_What to do_
Your answer must hold only the lines below from the line containing "Elena Handbags Straw" through the line containing "Table basse de", each reproduced exactly.

Entries taken from a collection:
────
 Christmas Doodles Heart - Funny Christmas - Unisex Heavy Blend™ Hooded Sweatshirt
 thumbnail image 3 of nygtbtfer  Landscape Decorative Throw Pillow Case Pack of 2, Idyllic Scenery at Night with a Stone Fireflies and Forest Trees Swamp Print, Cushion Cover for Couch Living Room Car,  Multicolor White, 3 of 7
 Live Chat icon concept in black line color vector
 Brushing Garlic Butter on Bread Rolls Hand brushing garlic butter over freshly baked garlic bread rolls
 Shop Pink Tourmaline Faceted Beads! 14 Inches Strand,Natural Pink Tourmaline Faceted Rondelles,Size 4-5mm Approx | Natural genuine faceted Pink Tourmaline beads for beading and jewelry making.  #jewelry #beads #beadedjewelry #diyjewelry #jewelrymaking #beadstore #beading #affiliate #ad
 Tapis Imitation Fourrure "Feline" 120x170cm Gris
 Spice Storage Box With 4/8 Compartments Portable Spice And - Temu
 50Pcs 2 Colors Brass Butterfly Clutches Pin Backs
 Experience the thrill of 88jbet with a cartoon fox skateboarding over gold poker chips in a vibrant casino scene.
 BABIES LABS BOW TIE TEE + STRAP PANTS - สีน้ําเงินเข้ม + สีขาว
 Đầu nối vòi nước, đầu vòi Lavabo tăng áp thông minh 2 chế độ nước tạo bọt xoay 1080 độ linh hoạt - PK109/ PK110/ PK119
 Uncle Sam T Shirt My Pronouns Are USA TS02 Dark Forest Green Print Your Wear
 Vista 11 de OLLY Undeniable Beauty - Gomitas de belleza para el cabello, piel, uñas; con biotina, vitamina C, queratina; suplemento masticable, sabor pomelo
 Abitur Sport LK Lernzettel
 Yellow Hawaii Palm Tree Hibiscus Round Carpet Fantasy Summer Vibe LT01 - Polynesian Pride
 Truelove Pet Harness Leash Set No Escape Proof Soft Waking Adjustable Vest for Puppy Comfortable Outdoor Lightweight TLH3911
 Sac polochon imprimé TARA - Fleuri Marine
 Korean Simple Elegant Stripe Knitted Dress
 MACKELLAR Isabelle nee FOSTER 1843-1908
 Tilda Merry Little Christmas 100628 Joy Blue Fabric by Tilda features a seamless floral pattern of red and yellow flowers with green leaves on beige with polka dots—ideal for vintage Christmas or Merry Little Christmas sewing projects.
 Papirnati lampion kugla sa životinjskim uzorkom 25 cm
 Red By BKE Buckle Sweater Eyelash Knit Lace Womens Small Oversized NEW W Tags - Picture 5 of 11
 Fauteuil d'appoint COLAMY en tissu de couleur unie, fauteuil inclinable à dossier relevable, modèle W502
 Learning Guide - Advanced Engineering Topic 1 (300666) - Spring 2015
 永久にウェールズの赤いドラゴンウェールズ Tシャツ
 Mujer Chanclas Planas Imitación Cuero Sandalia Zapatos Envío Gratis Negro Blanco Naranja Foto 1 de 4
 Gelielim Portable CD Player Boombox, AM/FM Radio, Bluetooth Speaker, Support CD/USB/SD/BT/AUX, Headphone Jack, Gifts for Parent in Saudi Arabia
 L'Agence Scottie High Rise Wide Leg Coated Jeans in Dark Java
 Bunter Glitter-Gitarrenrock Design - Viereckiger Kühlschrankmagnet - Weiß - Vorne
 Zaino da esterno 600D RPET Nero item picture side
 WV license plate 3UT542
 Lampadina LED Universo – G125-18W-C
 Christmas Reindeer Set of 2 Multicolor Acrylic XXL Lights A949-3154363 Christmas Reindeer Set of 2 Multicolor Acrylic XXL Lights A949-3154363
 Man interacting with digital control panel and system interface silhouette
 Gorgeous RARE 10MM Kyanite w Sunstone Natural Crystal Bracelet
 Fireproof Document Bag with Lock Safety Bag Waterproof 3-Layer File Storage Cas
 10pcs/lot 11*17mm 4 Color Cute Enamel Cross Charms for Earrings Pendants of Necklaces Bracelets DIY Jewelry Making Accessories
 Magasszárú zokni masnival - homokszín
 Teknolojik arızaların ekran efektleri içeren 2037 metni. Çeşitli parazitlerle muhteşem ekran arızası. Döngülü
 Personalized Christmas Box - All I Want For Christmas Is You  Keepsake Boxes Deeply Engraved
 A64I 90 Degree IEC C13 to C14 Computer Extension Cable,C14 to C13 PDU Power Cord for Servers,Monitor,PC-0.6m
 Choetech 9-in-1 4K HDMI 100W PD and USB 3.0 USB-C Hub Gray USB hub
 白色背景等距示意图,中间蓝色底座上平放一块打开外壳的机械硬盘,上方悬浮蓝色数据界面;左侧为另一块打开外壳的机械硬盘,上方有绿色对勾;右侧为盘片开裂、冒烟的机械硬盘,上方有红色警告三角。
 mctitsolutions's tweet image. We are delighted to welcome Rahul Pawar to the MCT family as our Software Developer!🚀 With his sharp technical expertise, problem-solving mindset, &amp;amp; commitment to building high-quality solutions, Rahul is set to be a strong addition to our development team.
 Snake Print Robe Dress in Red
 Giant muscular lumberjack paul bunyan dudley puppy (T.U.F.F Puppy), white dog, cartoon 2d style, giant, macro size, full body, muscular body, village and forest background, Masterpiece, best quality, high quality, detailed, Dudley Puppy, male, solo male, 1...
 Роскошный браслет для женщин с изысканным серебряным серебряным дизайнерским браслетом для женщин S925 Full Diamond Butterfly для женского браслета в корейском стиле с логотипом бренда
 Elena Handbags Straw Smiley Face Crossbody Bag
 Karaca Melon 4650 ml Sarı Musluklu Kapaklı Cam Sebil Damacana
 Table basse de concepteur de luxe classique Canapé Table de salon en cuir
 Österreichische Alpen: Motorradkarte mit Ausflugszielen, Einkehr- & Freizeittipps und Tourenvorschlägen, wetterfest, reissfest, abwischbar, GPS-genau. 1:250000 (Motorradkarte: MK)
────
_Solution to the problem_
 Elena Handbags Straw Smiley Face Crossbody Bag
 Karaca Melon 4650 ml Sarı Musluklu Kapaklı Cam Sebil Damacana
 Table basse de concepteur de luxe classique Canapé Table de salon en cuir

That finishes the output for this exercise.